Li Haonan, Govindarajan Vijay, Ang Tan Fong, Shaikh Zaffar Ahmed, Ksibi Amel, Chen Yen-Lin, Ku Chin Soon, Leong Ming Chern, Shabaruddin Fatiha Hana, Wan Ishak Wan Zamaniah, Por Lip Yee
Center of Research for Cyber Security and Network (CSNET), Faculty of Computer Science and Information Technology, Universiti Malaya, Kuala Lumpur, Wilayar Persekutuan, Malaysia.
Distribution and Supply Technology, Expedia Group, Seattle, WA, USA.
Digit Health. 2025 Jul 20;11:20552076251361603. doi: 10.1177/20552076251361603. eCollection 2025 Jan-Dec.
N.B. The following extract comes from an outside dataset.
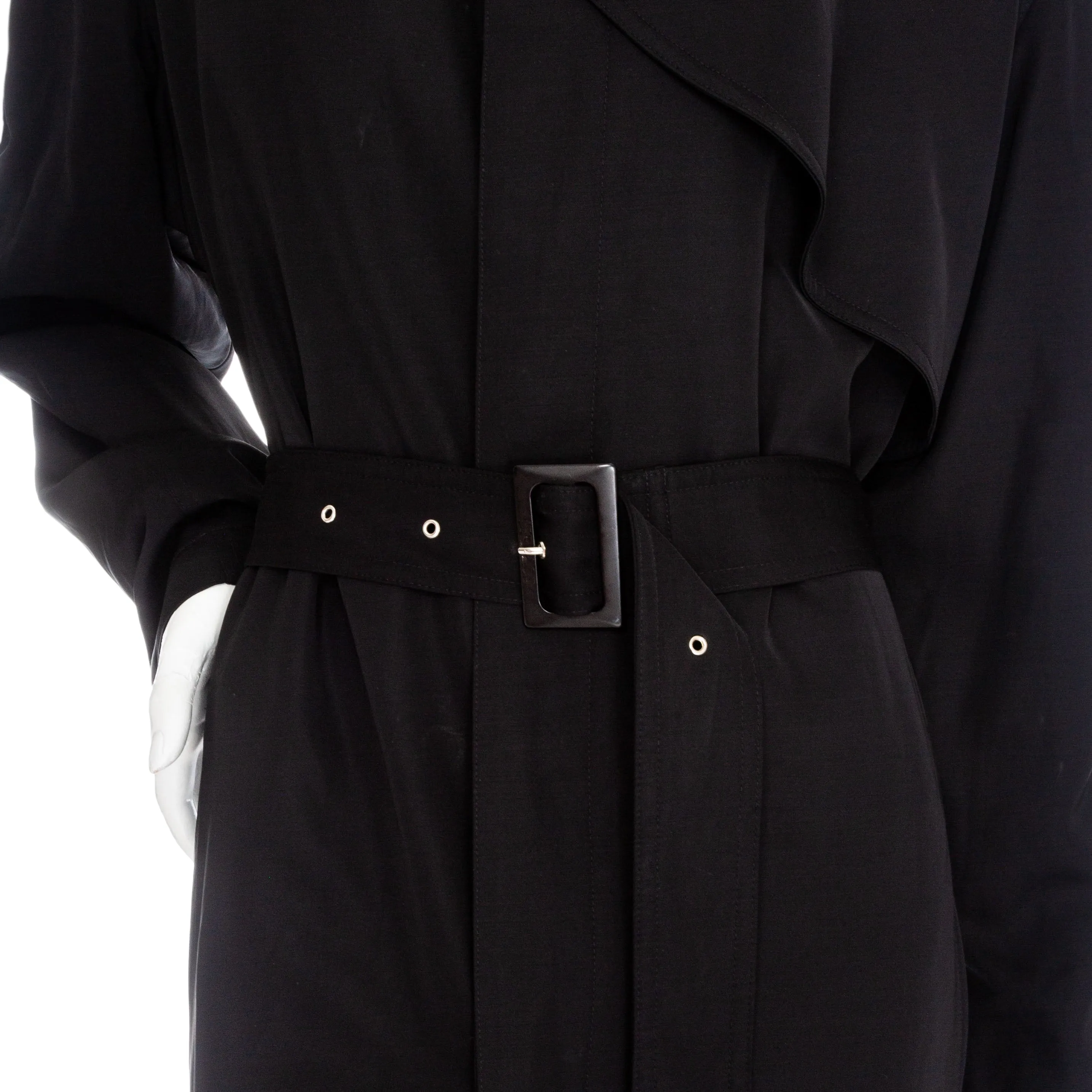 1980s Black Wool-Blend Belted Trench Coat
As one of the major threats to women's health worldwide, breast cancer requires early diagnosis and accurate classification, since they are key to optimizing therapeutic interventions and ensuring precise prognosis. Recently, deep learning has demonstrated notable advantages in breast cancer image classification. However, their performance heavily relies on the proper configuration of hyperparameters. To overcome the inefficiencies and weaknesses of conventional hyperparameter optimization methods, like limited effectiveness and vulnerability to premature convergence, this research proposes a Multi-Strategy Parrot Optimizer (MSPO) and applies it to breast cancer image classification tasks. Based on the original Parrot Optimizer, MSPO integrates several strategies, including Sobol sequence initialization, nonlinear decreasing inertia weight, and a chaotic parameter to enhance global exploration ability and convergence steadiness. Tests using the CEC 2022 benchmark functions reveal that MSPO surpasses leading algorithms regarding optimization precision and convergence rate. An ablation study was conducted on three variants of MSPO through CEC 2022 to further validate the effectiveness of each key strategy. Furthermore, MSPO is combined with the ResNet18 model and applied to the BreaKHis breast cancer image dataset. Results indicate that the model optimized by MSPO notably surpasses both the non-optimized version and other alternative optimization algorithms using four assessment indicators: accuracy, precision, recall, and F1-score. This validates the promising application potential and practical significance of MSPO in medical image classification tasks.
作为全球女性健康的主要威胁之一,乳腺癌需要早期诊断和准确分类,因为这是优化治疗干预措施和确保准确预后的关键。近年来,深度学习在乳腺癌图像分类中显示出显著优势。然而,其性能在很大程度上依赖于超参数的合理配置。为了克服传统超参数优化方法的低效性和弱点,如有效性有限和易陷入早熟收敛,本研究提出了一种多策略鹦鹉优化器(MSPO),并将其应用于乳腺癌图像分类任务。基于原始的鹦鹉优化器,MSPO集成了多种策略,包括索博尔序列初始化、非线性递减惯性权重和一个混沌参数,以增强全局探索能力和收敛稳定性。使用CEC 2022基准函数进行的测试表明,MSPO在优化精度和收敛速度方面超过了领先算法。通过CEC 2022对MSPO的三个变体进行了消融研究,以进一步验证每个关键策略的有效性。此外,MSPO与ResNet18模型相结合,并应用于BreaKHis乳腺癌图像数据集。结果表明,使用准确率、精确率、召回率和F1分数这四个评估指标,经MSPO优化的模型显著优于未优化版本和其他替代优化算法。这验证了MSPO在医学图像分类任务中的应用潜力和实际意义。